Team Yondaime speculates and, scarily, hits quite close to home - as Kakashi finds out.
Rating: Pg 13
Pairing(s): None. Team Yondaime-centric with bits of Team 7-ness.
Summary: Team Yondaime speculates and, scarily, hits quite close to home - as Kakashi finds out.
Author's Notes: I enjoy doing one-shots. That way, when I update, everything is finished...and I don't have to drag my ass back in to continue something that gets worse every chapter in (my muse is on permanent paid holiday, damn it). This whole series will be a one-shot, in essence. The themes within each chapter should (usually) be related but the chapters themselves will be rather...well, unrelated. :) My lovely, lovely, ridiculous peppercorn fiction.
As the only Genin team with a very talented Chuunin in its midst, Obito, Rin, and Kakashi were considered rather high caliber and were usually assigned missions respective to their skills. Yet even so, they did not escape the occasional grunt-work that their sensei swore even high-end Jounin had to do (sometimes) and that such "missions" promoted better team relationships. Surprisingly, it was during these dirty, degrading assignments that the mismatched team had the most interesting conversations.
"He's gonna be tall...and talented...and probably a masochist," Rin remarked despairingly, chin coated with muck and sweat. She toed a cow pat absently while taking a swig from the canteen Kakashi passed to her then savagely stabbed down with her own spade at the manure-laden field. She glared at the shit-stained shovels all three of them sported to the weathered fence their sensei was sitting on.
"Hn...powerful, most likely." Kakashi's shock of white hair drooped slightly in the unwavering heat and the air he breathed through his mask carried with it unpleasant hints of sweat, dust, and grime.

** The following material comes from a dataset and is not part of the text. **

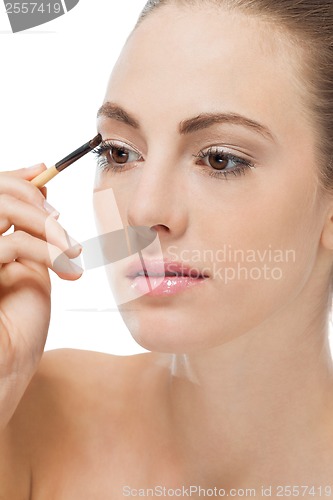 Image of doing the makeup brown eyeshadow on beautiful eyes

But when Obito narrowed his eyes against the white-hot sun overhead and glowered at their sensei, he managed to make out Arashi's wide, blonde, blue-eyed, irritatingly innocent smile in response...He scowled at the herd of smelly cows that was supposed to be their 'mission' and added his thoughts on Yondaime's future offspring:
"He's gonna be an asshole."
Kakashi should have seen it the moment he stepped into the Hokage's office to turn in his resignation from the ANBU line of duty. The Third had started off with enough pleasantries to put him slightly at ease: Was he okay going solo for so many missions? How had ANBU treated him? It wouldn't do to overexert himself on a simple reconnaissance as the Fourth wouldn't have wanted that. Did he like kids?...
The last caught him off guard but Kakashi rapidly regained his composure and demurely remarked on how, right now if he came in contact with anything remotely alive, he would probably kill it in ten seconds flat. Especially green plants and little children. But the old man wasn't Hokage for nothing; he managed to talk the infamous Copy Nin into a corner and once trapped, shackled the man to the worst fate ever brought upon ninja-dom...
...a Genin team.
Sarutobi told him it would bolster his return to civilization and sanity. Kakashi disagreed. Vehemently. Sarutobi literally kicked his ass out the door. All in all, there were quite a few pieces of furniture broken that day.
Then, after failing his fourth consecutive team in a row, the Third must have gotten fed up with the complaints filing in from the parents. The assignments stopped for a while and Kakashi breathed easy for two months. On the morning of his last day of vacation (or so he referred to it from that moment on), Asuma and Kurenai stopped under the tree he had parked his ass in and proceeded to use all kinds of jutsu necessary to drag him into the Hokage Tower.
There, hell came in the form of three thick manila folders with all the dressings of three ninja Academy transcripts. He opened each one in turn and was met with the sullen pictures of boy, girl, boy. Sarutobi simply smiled over folded hands. Kakashi exerted self-control.
The next day, the poof of the chalkboard eraser as it hit his head and the blonde, blue-eyed, cat-faced kid laughing like a maniac caused him to re-evaluate some of his past memories.
That evening, during his visit to the memorial stone, he told Obito that he had been right.